Although China's trade surplus to the United States reached about US$100 billion, China's total trade surplus was about US$30 billion, only one-fifth of the total of developing countries, said Zhang.
The rapid increase of China's exports is the result of global manufacturing relocation, which means that some increased production in China is not newly-added production but was moved from Malaysia or Thailand, said Zhang.
"In addition, the exports of China only account for 5 percent of the global total, so it is unbelievable that China's increasing exports caused global deflation," he said.
However, Zhang suggested that some kind of mechanism for changing the exchange rate of the Renminbi be developed in the future, depending on China's economic circumstances, such as widening the fluctuating range of the Renminbi.
Meanwhile, a leading Chinese banking expert says China should maintain a stable exchange rate policy, warning that drastic amendments of the reform process would adversely affect the national economy.
Tang Xu, director of the Graduate School of the People's Bank of China, said that China's exchange rate system was appropriate to the country's financial situation. The stable currency policy enabled China to successfully stabilize the Renminbi and withstand the impact of the Asian financial crisis in 1997.
To a profound extent, the stability of the exchange rate safeguarded the country's daily financial operations, stressed Tang.
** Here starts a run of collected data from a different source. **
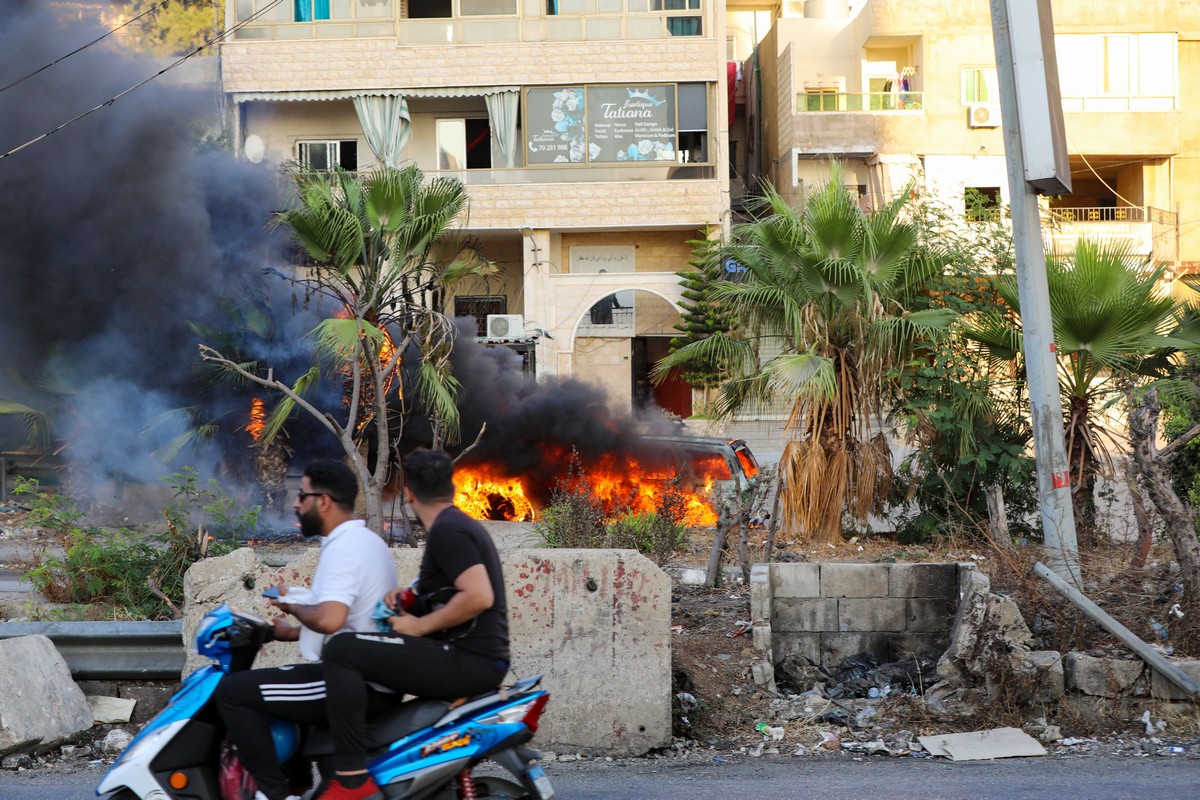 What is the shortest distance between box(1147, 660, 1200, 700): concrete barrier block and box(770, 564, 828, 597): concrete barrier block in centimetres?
214

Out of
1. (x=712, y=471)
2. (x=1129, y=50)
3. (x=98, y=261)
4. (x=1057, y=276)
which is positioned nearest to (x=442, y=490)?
(x=1057, y=276)

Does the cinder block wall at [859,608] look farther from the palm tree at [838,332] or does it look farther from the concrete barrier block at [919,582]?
the palm tree at [838,332]

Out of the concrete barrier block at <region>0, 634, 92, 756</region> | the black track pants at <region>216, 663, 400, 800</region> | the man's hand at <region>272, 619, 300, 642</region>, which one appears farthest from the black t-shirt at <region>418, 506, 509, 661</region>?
the concrete barrier block at <region>0, 634, 92, 756</region>

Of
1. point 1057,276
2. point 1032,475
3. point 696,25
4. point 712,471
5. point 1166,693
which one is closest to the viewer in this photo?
point 1166,693

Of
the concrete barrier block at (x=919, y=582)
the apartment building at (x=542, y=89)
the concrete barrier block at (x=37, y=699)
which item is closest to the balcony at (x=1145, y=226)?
the apartment building at (x=542, y=89)

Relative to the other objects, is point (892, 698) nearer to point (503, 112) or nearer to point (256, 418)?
point (256, 418)

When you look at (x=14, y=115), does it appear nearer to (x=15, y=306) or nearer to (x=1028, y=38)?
(x=15, y=306)

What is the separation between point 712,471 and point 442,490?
1102 centimetres

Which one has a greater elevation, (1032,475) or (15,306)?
(15,306)

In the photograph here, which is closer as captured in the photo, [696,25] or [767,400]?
[767,400]

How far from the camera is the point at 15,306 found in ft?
55.1

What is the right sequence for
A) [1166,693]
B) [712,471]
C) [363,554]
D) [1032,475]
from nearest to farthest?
[363,554] < [1166,693] < [1032,475] < [712,471]

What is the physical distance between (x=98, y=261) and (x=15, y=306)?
1.29 metres

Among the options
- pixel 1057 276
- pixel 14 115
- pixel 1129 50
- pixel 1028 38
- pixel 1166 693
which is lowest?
pixel 1166 693
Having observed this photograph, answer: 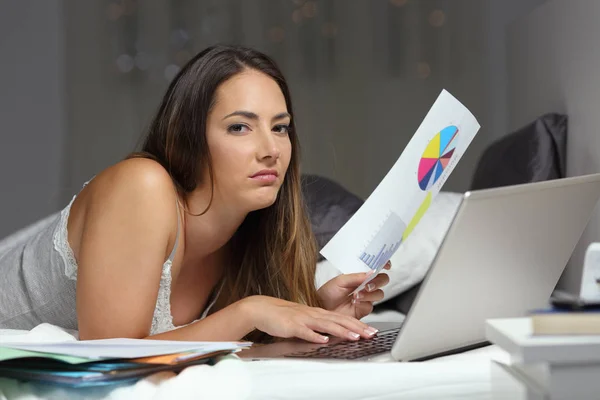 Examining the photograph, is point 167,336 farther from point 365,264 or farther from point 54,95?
point 54,95

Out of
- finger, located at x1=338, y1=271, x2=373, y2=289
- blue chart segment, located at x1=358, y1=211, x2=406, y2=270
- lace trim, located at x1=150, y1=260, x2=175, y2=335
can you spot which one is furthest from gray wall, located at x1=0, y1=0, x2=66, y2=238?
blue chart segment, located at x1=358, y1=211, x2=406, y2=270

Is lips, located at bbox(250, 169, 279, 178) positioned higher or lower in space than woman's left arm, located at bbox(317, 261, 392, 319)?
higher

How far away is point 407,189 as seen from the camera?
4.36 feet

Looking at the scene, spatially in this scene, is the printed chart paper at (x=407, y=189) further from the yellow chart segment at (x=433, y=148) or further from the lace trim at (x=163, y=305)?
the lace trim at (x=163, y=305)

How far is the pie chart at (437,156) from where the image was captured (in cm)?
129

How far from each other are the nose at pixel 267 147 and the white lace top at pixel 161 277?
22 centimetres

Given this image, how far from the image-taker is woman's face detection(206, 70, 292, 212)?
1521 mm

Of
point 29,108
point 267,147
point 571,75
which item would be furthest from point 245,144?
point 29,108

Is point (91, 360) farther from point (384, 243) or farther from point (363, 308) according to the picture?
point (363, 308)

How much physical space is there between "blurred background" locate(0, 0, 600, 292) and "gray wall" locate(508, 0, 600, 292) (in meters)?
1.06

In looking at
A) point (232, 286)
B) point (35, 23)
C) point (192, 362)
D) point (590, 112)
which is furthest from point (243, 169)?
point (35, 23)

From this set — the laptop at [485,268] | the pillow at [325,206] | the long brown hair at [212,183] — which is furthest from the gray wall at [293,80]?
the laptop at [485,268]

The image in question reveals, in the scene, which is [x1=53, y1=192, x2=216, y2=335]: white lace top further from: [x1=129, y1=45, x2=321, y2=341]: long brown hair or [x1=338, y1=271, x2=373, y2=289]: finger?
[x1=338, y1=271, x2=373, y2=289]: finger

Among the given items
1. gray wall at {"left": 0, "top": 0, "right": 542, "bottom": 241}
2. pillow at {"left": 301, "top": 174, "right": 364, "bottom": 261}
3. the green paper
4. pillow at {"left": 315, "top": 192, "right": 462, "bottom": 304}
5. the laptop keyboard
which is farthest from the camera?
gray wall at {"left": 0, "top": 0, "right": 542, "bottom": 241} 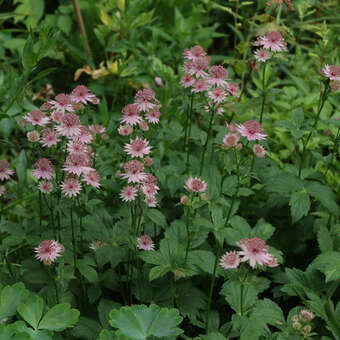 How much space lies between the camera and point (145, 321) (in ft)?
3.88

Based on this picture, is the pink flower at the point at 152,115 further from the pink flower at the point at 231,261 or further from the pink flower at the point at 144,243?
the pink flower at the point at 231,261

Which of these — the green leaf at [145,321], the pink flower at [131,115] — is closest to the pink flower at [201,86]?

After 1994, fundamental changes were seen in China's foreign exchange system, as the government merged the "official" and market exchange rates into a unified one based mainly on market demand and supply, under a single, managed floating exchange rate system, Tang said.
The gradual and evolutionary reform of China's exchange rate system also helped establish foreign investors' faith in the value of the RMB and consolidate their determination to boost investment in China, he said.
If China freed the exchange rate, the speculative "hot money" would advance into the country's foreign exchange market and the RMB would surely fluctuate severely, Tang said.
"It would be a disaster, since China's financial capability to withstand the exchange rate upheaval is so weak," Tang said, warning that the regular financial operations would be in disorder.
China, unlike developed countries whose financial sectors are able to prevent and dissipate exchange rate risks, would bear too much risk to let the RMB float freely, Tang said.
He suggested that China continue to focus on the establishment of risk management mechanisms within the banking system and improve corporate governance.
However, Tang also agreed that a stable exchange rate did not necessarily mean a fixed one. He predicted that RMB could eventually be convertible under the capital account.
"There is no timetable for realizing the RMB's convertibility under the capital account, but at the right time, there will be one," Tang said.